The Education Department has also made significant modifications to its income-based repayment (IDR) plan, which allows borrowers to make loan payments based on their current income and family size, typically offering lower monthly payments than a standard 10-year repayment plan. Any loan balances that aren’t repaid after 20 to 25 years of qualifying payments are 100 percent forgiven.
IDR plans have grown in popularity among borrowers, with GAO revealing the percentage of payments made as part of IDR plans has steadily grown since 2013, with 47 percent of total direct loan dollars in repayment coming from IDR plans in 2022 — compared to 53 percent coming from all other loan repayment plans.
Notably, IDR plans are sensitive to the current economic environment, like income growth and inflation.

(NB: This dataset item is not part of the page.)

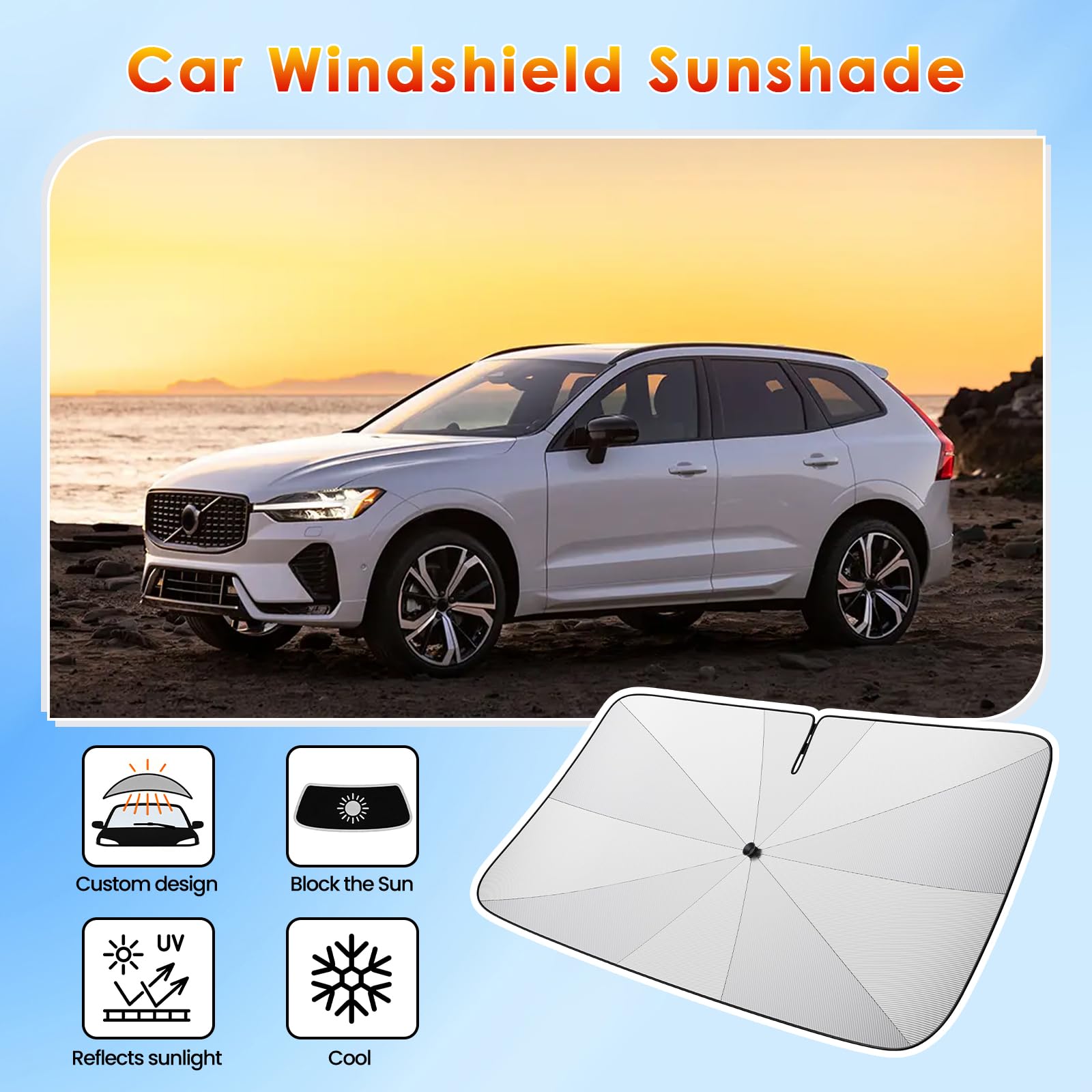 [2026 Upgrade] BSTW Kompatibel mit Volvo XC60 2017-2025 2026 Sonnenschutz für Frontscheibe, Automatisch Faltbar Pull-Cord-Sonnenschirm Fiberglas-Skelett UV-Schutz Hitzeschutz XC60 Zubehör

GAO found that when income grows at a slower rate, borrowers’ loan payments decrease — which in turn increases the government cost.
Inflation is something the U.S. has been struggling with since the beginning of the year, with June experiencing a 9.1 percent inflation rate annually, with everything from gas to food and energy prices rising to record highs.
The Education Department has also discharged around $16 billion in loans from more than 680,000 borrowers — with the federal government essentially eating the cost of those loans and forgoing potential profit.
President Biden might discharge even more, indicating he’s in favor of forgiving $10,000 in debt per borrower but has not issued a final decision yet. In the meantime, Democrats have been urging the president to once again extend the current pause on student loan payments — which are scheduled to resume on Sept. 1.